Select committees are a key mechanism of the House of Commons in its role as scrutineer of legislation and government policy. However, there has been little research on how committees’ members and officials use evidence to support their work. Marc Geddes has been researching the topic; here he offers a summary of his findings.

Select committees are the principal mechanism of accountability in the House of Commons and act as information-gathering tools for parliament. They are generally regarded as influential in the UK policy-making process (even if this is often informal), who enjoy widespread media coverage, and who have a generally positive reputation. Despite their importance, we know comparatively little about how they approach and use evidence to support their work (with some notable exceptions). In this blog, I want to explore precisely this topic.

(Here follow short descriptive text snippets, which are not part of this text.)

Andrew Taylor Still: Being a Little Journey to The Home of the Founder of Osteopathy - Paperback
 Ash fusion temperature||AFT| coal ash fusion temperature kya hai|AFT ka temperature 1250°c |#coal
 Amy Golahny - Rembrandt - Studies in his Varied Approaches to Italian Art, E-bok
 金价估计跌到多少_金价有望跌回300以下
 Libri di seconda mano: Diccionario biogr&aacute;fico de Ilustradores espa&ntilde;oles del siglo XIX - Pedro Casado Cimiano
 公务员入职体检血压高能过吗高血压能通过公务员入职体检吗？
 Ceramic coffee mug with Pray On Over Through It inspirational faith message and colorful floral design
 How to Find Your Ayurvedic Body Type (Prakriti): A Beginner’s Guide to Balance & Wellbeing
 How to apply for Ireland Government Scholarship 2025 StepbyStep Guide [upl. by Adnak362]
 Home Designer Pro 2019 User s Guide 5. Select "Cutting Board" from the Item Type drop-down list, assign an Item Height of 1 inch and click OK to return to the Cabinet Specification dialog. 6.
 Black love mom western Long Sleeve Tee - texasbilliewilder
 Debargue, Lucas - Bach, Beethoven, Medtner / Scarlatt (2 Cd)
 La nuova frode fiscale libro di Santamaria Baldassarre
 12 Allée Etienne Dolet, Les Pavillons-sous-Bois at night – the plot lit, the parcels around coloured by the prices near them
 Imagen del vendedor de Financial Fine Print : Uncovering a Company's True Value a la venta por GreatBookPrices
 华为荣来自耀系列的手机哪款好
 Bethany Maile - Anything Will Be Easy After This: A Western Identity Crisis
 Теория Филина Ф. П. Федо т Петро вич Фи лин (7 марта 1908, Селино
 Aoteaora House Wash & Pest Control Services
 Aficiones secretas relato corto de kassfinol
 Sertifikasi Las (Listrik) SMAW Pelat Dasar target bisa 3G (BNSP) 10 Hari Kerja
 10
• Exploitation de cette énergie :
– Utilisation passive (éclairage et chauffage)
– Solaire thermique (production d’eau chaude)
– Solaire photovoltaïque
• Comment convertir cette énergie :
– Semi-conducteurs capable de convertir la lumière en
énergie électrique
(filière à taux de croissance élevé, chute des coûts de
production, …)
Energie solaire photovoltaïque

Select committees are made up of small groups of MPs, elected as members by their colleagues. In order to hold governments to account, select committees rely on extensive evidence-gathering, including an open call for written evidence and oral evidence through invite-only committee hearings. Evidence is analysed and published in a report, which will include recommendations for change. What does ‘evidence’ mean in this context?

The formal meanings of ‘evidence’ are set out in Erskine May, the authoritative reference book on parliamentary procedure for the UK Parliament. It is expected that evidence is ‘truthful’ (para 38.31), which may otherwise be ‘treated as a contempt of the House and investigated and punished’ (para 38.55). Interestingly, evidence prepared for a committee becomes its ‘property’ (para 38.32) in order to be protected by parliamentary privilege (preventing evidence from being called into question by the courts).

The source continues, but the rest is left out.